なぜ六角形かというと、これが一番安定した形だからです。力の加わり方などが均一で安定するため、自然界では蜂の巣をはじめとするいたるところで、六角形のものを見ることができます。とはいえ、条件次第で七角形、八角形や、円に近い形にもなったりするようです。

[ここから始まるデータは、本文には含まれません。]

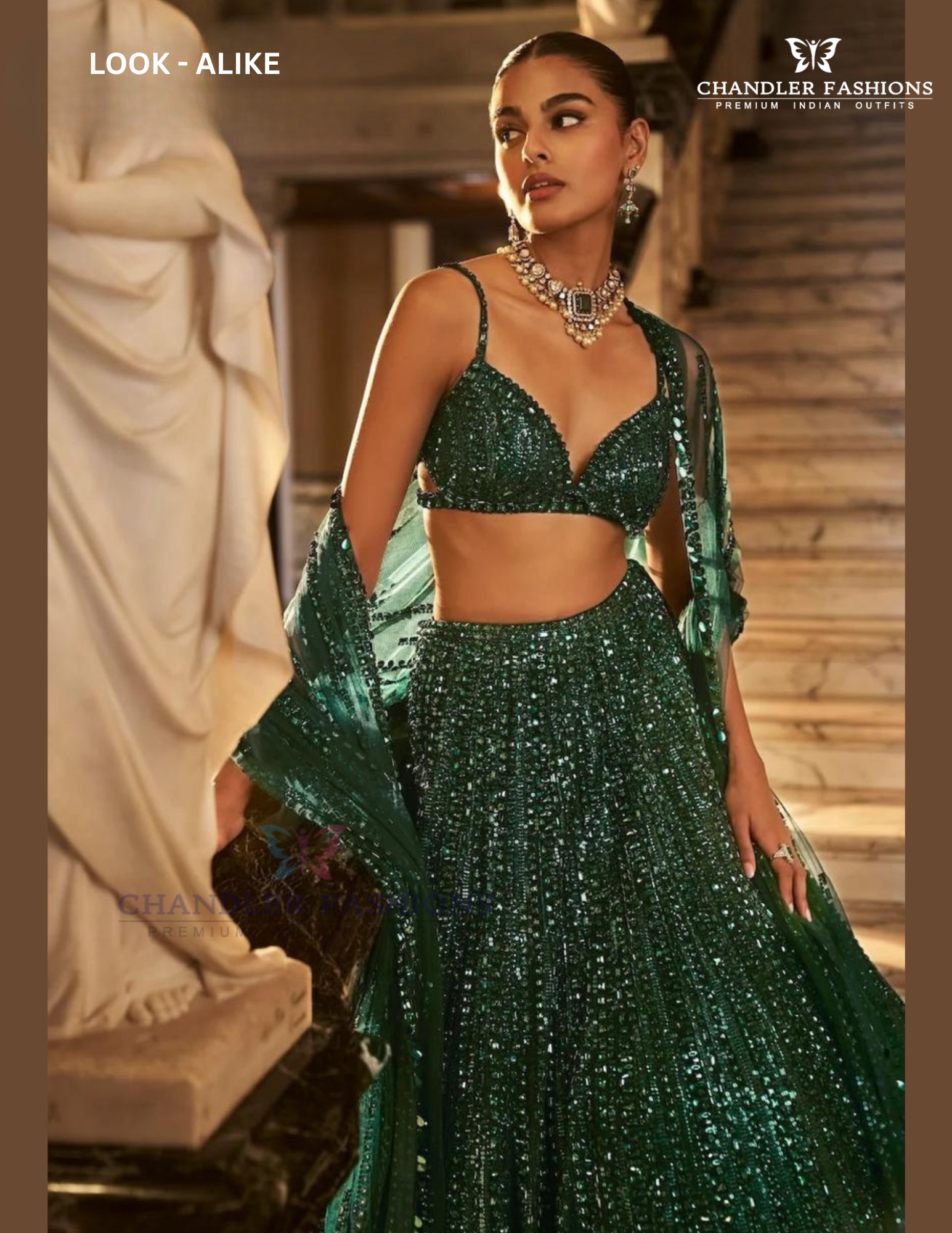 Green Color Rainbow Sequins And Dori Work Lehenga In USA
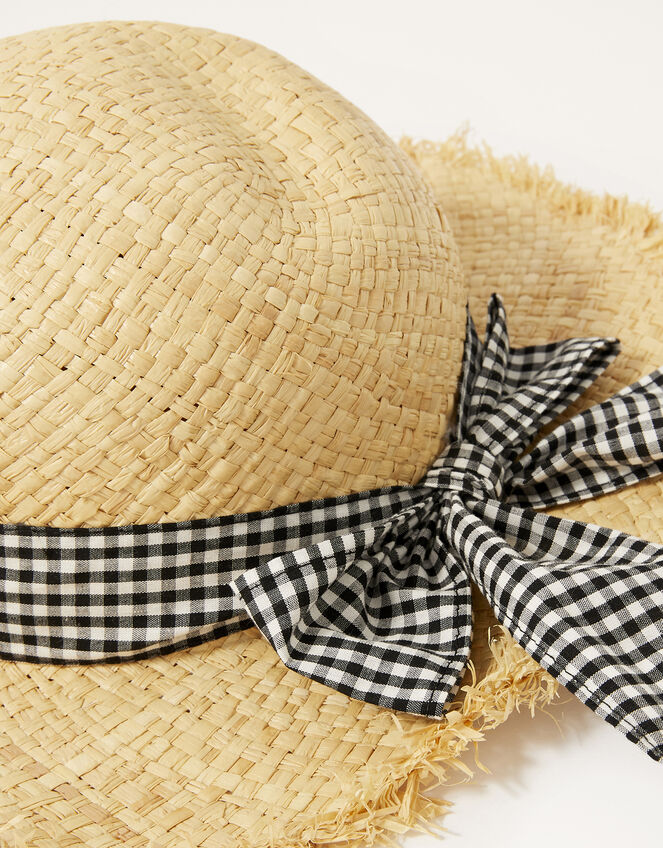 Gingham Bow Floppy Hat, Natural (NATURAL), large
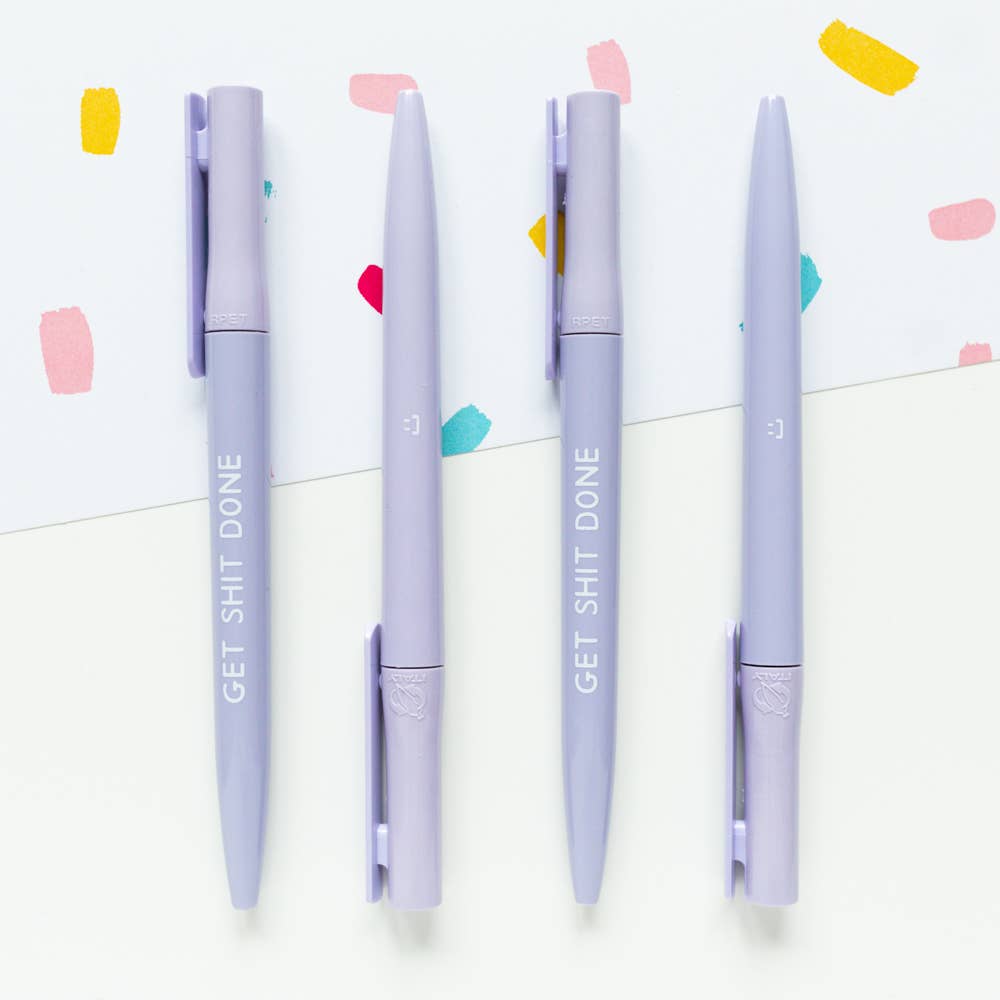 Pen - Get Shit Done - Lilac Recycled Eco Ballpoint Pen - Positive Stationery - Jeff and The Squirrel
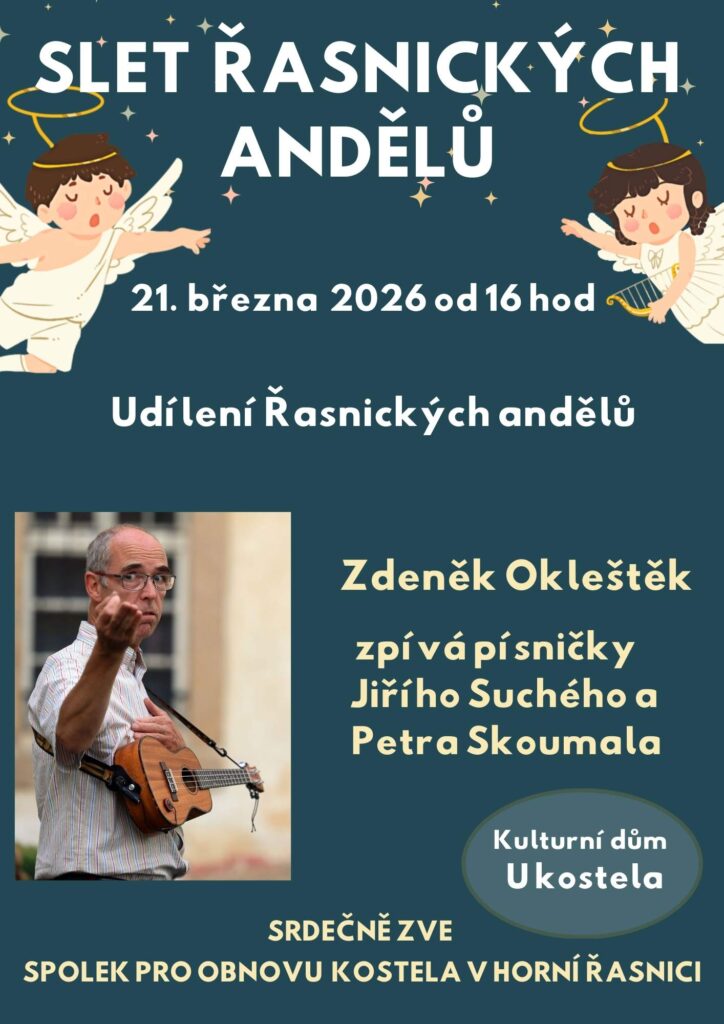 Pozvánka na Slet řasnických andělů - akce Spolku pro obnovu kostela v Horní Řasnici.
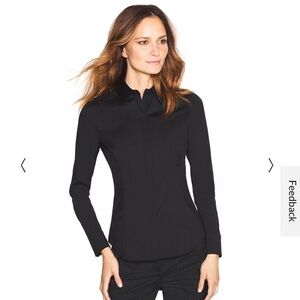White House Black Market WHBM Black Long Sleeved Poplin Button Down Blouse Sz 8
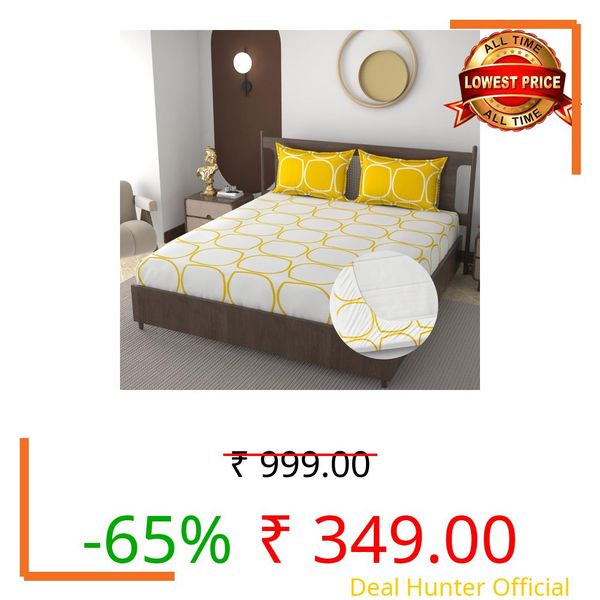 KAARIGIRI Cotton Feel Glace Cotton Elastic Fitted Printed King Size Double Bed Bedsheet with 2 Pillow Cover(72"x78", Pastel Green), 300-350 threadcount (White Yellow Circle Pilo Yellow)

また柱状節理は溶岩の表面から、まっすぐ直角にできあがっていくという特徴もあります。逆にいうと柱状節理などの形から、噴火当時に溶岩がどのように流れていたのかを推測することもできます。

切り出された柱状節理

こうして離れて見てみると、普段何気なく通っているここは柱状節理を切り出して作られた道だということがよくわかります。ハーバー側にもこんなにたくさんの柱状節理があったなんて……注目しないとなかなか気がつきませんよね。

写真の右下あたりを見ていただくと、切り出した柱状節理が乱雑に積まれています。切り出した石を再利用する予定なのか、はたまた面倒になって放置しているのか…ということを考えてみるのも面白いです。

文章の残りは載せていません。